Most people prefer the comfortable lie to the unpleasant truth; they can only tolerate so much reality. How else do you explain the delusions of religious belief?  So let's try to be honest with ourselves and admit at least this: All ideology, including religion, is a human construct, an invention of the mind and not an immutable verity or mathematical axiom handed down sub specie aeternitatis  from the cosmos. Socialism and capitalism are ideas; greed, inequality and gravitation on the other hand are just plain honest to goodness facts of life. Stupid religion and utopian ideology are, like body odour and bad breath, something the other person has. Holding to an ideology inflexibly and not seeing both upside and downside of any particular one of these philosophical constructs is the essence of dogmatism and delusion.

Adam Smith, deemed the father of capitalism, was especially steadfast in pointing out the drawbacks and pitfalls of his capitalist ideology of self-interest; in fact his criticisms were not unlike those of Karl Marx. Most people who call themselves capitalists and invoke Adam Smith's name, have never read a word of him.* Holding to an idea tentatively and being open to new evidence and argument is the spirit of the scientific outlook, the antithesis of the theological and mystical. Despite my leftist political sympathies, I'm willing to concede that "free enterprise" and "free markets" have merit, assuming we actually had the genuine article - which clearly we do not. The free trade agreements rammed down our throats by neo-conservatives the past three decades have nothing to do with free trade. That has become patently obvious. Rather, NAFTA and other so-called "free trade" accords are blank cheques to big business, multinational corporations and the wealthy investor classes to exploit anything and anyone on earth with impunity. "Free enterprise" which throughout has never been particularly "free" nor "enterprising" is another of the countless myths we live by. The first two and a half centuries of capitalism were based on the slave trade**. The fact that social critics and activists of the mind such as Voltaire, Tomas Paine and contemporary intellectuals such as Noam Chomsky, Michael Parenti, Howard Zinn and Chris Hedges are so reviled by the conservative establishment is because they have basically got it right. Most people have never heard of these great dissenting minds because speaking truth to power will not get you on Fox News, Canwest Global, the National Post and the countless other conservative propaganda media that passes for journalism these days. Once the last bastion of free speech, the internet, is under corporate hegemony, the dominance of right wing plutocracy will be total. Many multinational corporations such as Google and Microsoft are salivating at this prospect. They are already spying on us relentlessly.

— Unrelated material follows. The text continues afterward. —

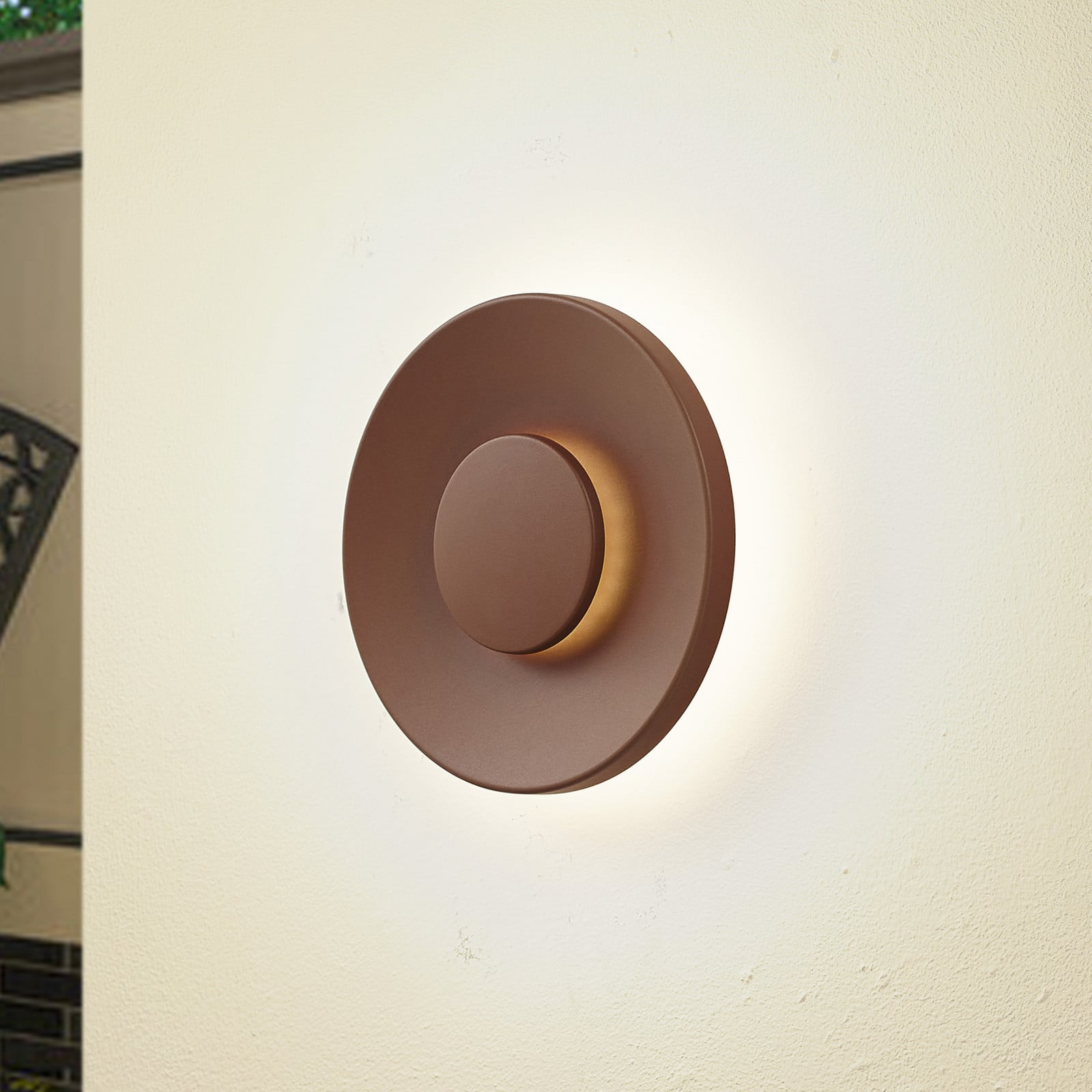 Aplique LED para exterior Kayana, color óxido, aluminio, 24 cm - Lucande - Terraza - Moderno - Redonda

*Reading Adam Smith's three volume The Wealth of Nations is a daunting and time consuming project, as is Marx's Das Capital, also a three volume work. In addition to his magnum opus, I highly recommend Smith's The Theory of Moral Sentiments. Smith, as many of you may not be aware, was a moral philosopher, a contemporary of another great Scottish philosopher, David Hume. One must be cognizant of the fact that both capitalism and communism were practised in their various forms long before Smith and Marx wrote their famous political treatises.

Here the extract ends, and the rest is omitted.